(Beginning of PROVIDED DATA)

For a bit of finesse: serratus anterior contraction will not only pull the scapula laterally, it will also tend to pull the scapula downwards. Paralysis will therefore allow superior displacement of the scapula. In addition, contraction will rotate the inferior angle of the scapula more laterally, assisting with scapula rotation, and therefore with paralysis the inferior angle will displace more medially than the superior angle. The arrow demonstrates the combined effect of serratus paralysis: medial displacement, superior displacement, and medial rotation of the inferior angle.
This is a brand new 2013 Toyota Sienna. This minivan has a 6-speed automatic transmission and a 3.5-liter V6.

(End of PROVIDED DATA)
(Beginning of PROVIDED DATA)

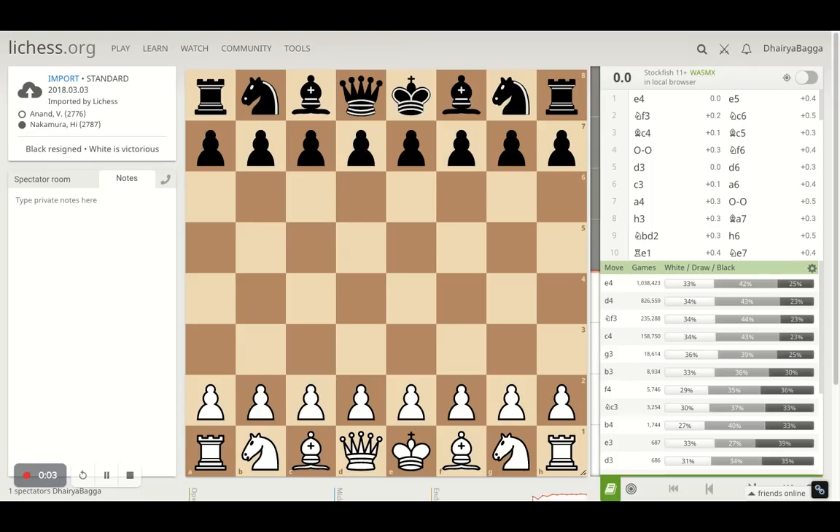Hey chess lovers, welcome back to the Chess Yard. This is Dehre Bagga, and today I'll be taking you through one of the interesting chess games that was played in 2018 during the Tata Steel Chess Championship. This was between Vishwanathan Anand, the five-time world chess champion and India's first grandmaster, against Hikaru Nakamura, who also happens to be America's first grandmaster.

(End of PROVIDED DATA)

**REQUIRED WORK:** Only the lines above from the one with "For a bit of" through the one with "This is a brand" should be duplicated, character for character.

**ANSWER TO THE PROBLEM:**
For a bit of finesse: serratus anterior contraction will not only pull the scapula laterally, it will also tend to pull the scapula downwards. Paralysis will therefore allow superior displacement of the scapula. In addition, contraction will rotate the inferior angle of the scapula more laterally, assisting with scapula rotation, and therefore with paralysis the inferior angle will displace more medially than the superior angle. The arrow demonstrates the combined effect of serratus paralysis: medial displacement, superior displacement, and medial rotation of the inferior angle.
This is a brand new 2013 Toyota Sienna. This minivan has a 6-speed automatic transmission and a 3.5-liter V6.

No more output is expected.